Data shown
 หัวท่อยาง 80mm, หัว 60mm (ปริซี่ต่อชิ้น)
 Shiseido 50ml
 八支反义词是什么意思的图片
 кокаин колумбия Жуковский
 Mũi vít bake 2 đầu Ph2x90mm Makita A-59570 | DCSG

--

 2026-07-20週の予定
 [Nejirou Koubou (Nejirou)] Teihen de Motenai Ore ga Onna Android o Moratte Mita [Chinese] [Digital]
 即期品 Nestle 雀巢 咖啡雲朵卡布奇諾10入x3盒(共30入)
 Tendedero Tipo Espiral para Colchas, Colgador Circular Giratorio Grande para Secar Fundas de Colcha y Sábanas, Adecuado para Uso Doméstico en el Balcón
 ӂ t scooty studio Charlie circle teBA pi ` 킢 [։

* * *

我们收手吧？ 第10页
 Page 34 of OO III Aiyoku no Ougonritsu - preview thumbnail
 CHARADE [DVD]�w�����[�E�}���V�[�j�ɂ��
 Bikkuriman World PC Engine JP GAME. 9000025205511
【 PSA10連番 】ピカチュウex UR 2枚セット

Task item
Everything above from the line containing "Tendedero Tipo Espiral" down to the line containing "ӂ t scooty studio" should be copied exactly, both end lines included, and nothing else.

Reply to the task
 Tendedero Tipo Espiral para Colchas, Colgador Circular Giratorio Grande para Secar Fundas de Colcha y Sábanas, Adecuado para Uso Doméstico en el Balcón
 ӂ t scooty studio Charlie circle teBA pi ` 킢 [։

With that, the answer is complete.